Not only am I pregnant, but I'm SO close to viability!!! Not that we're expecting him ANYtime soon (he WILL be born at 38 weeks if I can do anything about it). I'm SO SO SO SO thankful for the mobility that I have with the TAC. I feel so NORMAL. I think every day how scared I was to conceive again, knowing that with a vaginal cerclage that gravity would be my enemy. Being in bed for 22 hours a day sounded fun at first, but I can't imagine being on strict bed rest the entire pregnancy. I feel for my friends who are currently in that situation. I know that it's temporary, but it takes a TON of energy to not go insane in the membrane.

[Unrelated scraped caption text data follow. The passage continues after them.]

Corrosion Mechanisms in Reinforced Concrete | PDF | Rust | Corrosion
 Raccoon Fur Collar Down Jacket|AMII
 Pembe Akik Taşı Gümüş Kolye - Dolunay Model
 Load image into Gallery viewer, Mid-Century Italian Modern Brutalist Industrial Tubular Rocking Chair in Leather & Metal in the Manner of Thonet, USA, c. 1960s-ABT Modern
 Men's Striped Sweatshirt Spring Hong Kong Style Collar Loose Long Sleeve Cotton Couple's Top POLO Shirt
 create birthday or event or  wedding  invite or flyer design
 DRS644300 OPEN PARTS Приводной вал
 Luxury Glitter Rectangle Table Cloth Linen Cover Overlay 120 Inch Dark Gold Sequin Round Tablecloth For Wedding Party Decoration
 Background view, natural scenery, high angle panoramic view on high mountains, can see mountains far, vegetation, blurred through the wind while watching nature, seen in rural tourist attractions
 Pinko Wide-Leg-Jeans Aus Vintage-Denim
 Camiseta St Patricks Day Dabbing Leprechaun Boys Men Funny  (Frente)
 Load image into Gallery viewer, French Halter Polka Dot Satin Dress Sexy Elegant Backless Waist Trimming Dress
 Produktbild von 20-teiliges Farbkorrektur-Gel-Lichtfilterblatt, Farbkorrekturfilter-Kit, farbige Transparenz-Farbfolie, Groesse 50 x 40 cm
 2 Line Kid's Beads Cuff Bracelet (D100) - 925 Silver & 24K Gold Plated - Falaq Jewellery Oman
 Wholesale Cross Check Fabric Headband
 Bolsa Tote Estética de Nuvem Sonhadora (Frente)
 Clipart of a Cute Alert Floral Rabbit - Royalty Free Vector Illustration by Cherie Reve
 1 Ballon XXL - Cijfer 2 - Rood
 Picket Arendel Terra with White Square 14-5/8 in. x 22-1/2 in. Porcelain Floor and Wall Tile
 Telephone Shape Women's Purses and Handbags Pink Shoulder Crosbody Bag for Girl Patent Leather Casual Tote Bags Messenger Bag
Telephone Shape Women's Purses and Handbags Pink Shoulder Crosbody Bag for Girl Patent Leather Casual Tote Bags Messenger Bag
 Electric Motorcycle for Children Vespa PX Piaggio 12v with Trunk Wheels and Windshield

I put up Christmas lights yesterday, DEEP cleaned my kitchen, carried stuff, rearranged furniture, vaccuumed, took a walk, went shopping and to Taco Bell. To most people, those don't sound like glamorous things, but when I think of the alternative, I am SO thankful that I was able to physically handle those tasks.
On a daily basis, I'm so glad I went this route with the TAC. It was scarier at first (major abdominal surgery in the first trimester!? insane!) but now I have this confidence that my body CAN do the right thing!
If I could outlaw the vaginal cerclage, I would. I wish insurance companies would cover, and I wish surgeons would learn and recommend it. I think the efforts are in place to have the medical field re-think the surgery, but it can't happen too soon to save these precious lives.